**What is being asked:**
With the pictures left out, retype exactly the lines below starting at the line that contains "What are the Different Types of Facial Lines?" and ending at the line that contains "High quality most".

**Information provided:**
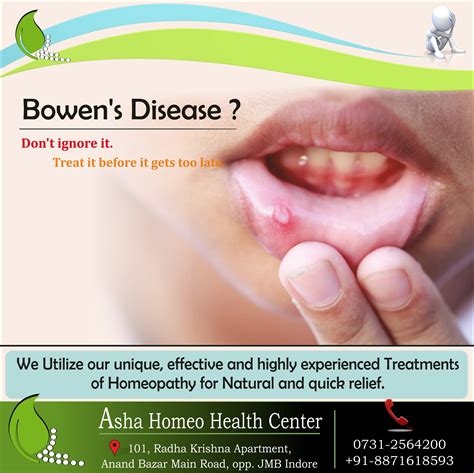 Behcet Disease Asha Homeo Health Center Indore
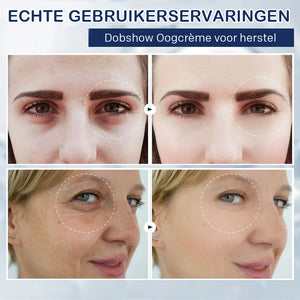 Crème tegen wallen - 💖Koop 1, krijg 1 gratis (2 stuks)💖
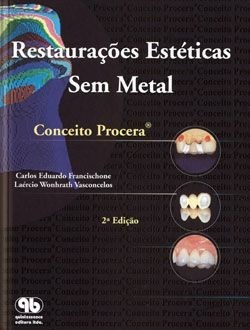 Livro Restauracoes Esteticas sem Metal - Francischone/vasconc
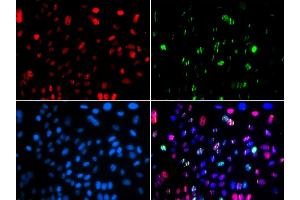 Immunofluorescence (IF) image for anti-Tumor Protein P53 (TP53) (pSer15) antibody (ABIN1870674) (p53 antibody  (pSer15))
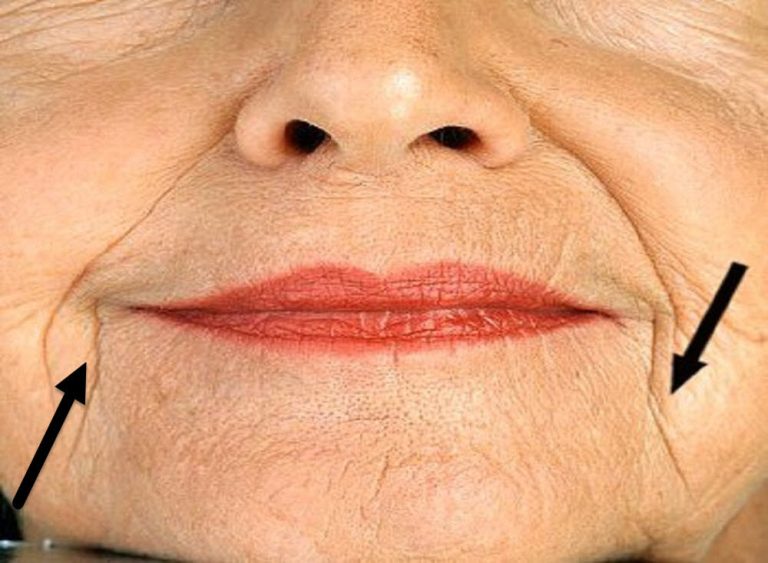What are the Different Types of Facial Lines?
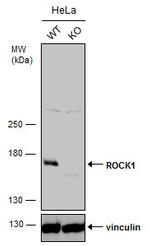 ROCK1 Antibody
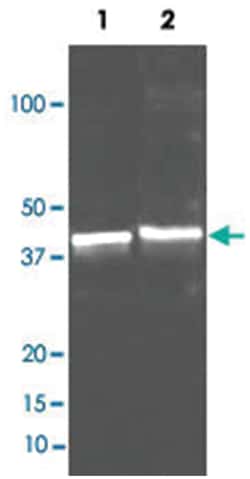 Sarcosine Oxidase, Goat, Polyclonal Antibody, Abnova 100 &mu;g | Buy Online | Abnova Corporation | Fisher Scientific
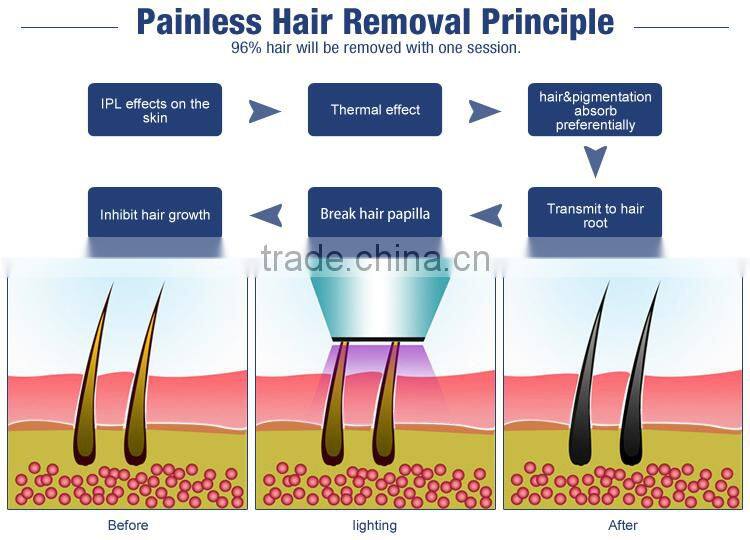 High quality most popular products for salon SHR+E-light(IPL+RF )Machine with 2 handles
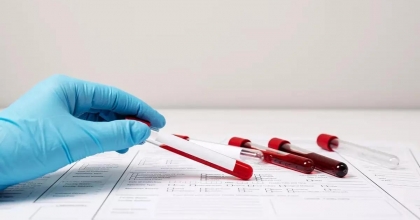 EN UZUN YAŞAYAN KAN GRUBU BELLİ OLDU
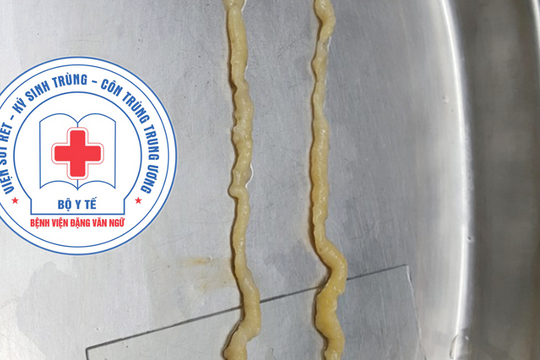 Nhiễm sán dây do thói quen ăn thịt bò tái, rau sống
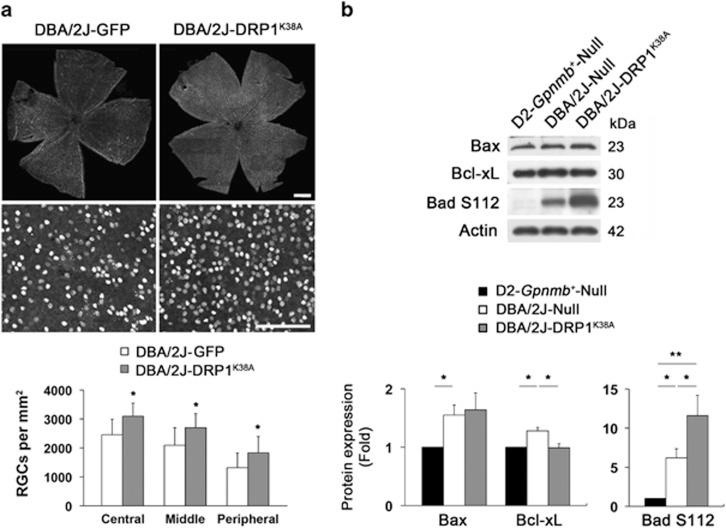 https://cdn.ncbi.nlm.nih.gov/pmc/blobs/8938/4558491/7c89e813337b/cddis2015180f6.jpg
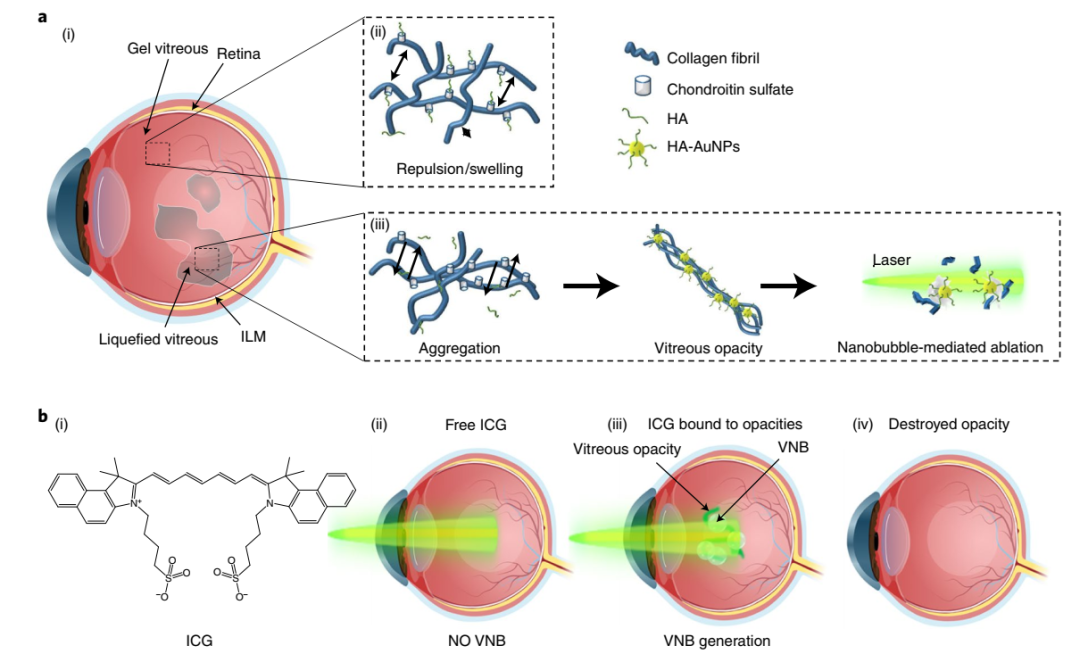 玻璃体液化和纳米气泡介导的玻璃体混浊消融概念 玻璃体液化和纳米气泡介导的玻璃体混浊消融概念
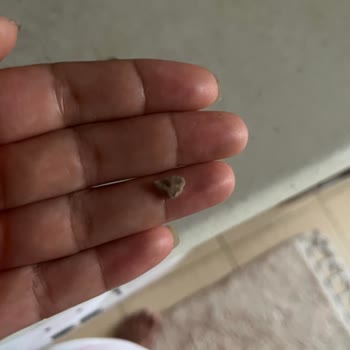 Aldığım Fındık Kremasından Taş Çıktı, Hijyen Konusunda Endişeliyim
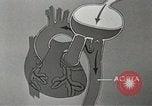 Image of artificial heart United States USA, 1966, second 52 stock footage video 65675058302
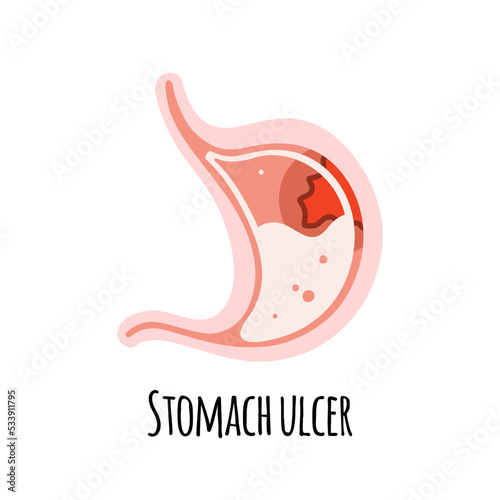 The stomach of a person with an ulcer. Gastroenterology. Vector illustration in a flat style.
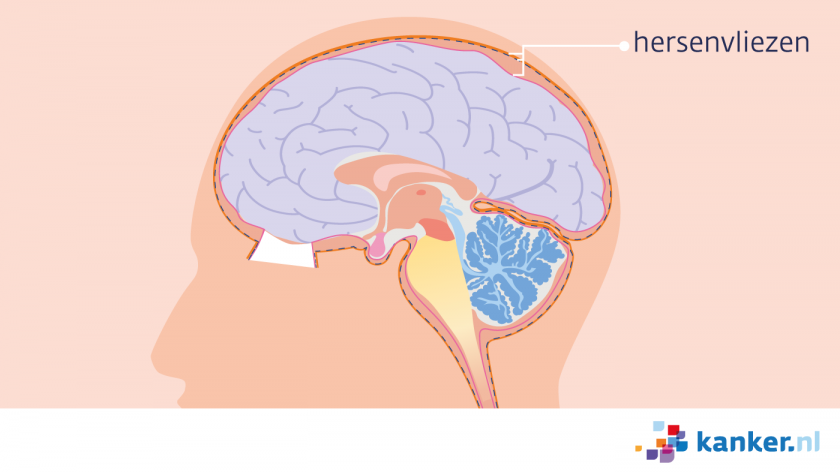 De hersenvliezen zitten rond de hersenen en het ruggenmerg, tussen de hersendelen in en aan de onderkant van de schedel.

**Task output:**
What are the Different Types of Facial Lines?
 ROCK1 Antibody
 Sarcosine Oxidase, Goat, Polyclonal Antibody, Abnova 100 &mu;g | Buy Online | Abnova Corporation | Fisher Scientific
 High quality most popular products for salon SHR+E-light(IPL+RF )Machine with 2 handles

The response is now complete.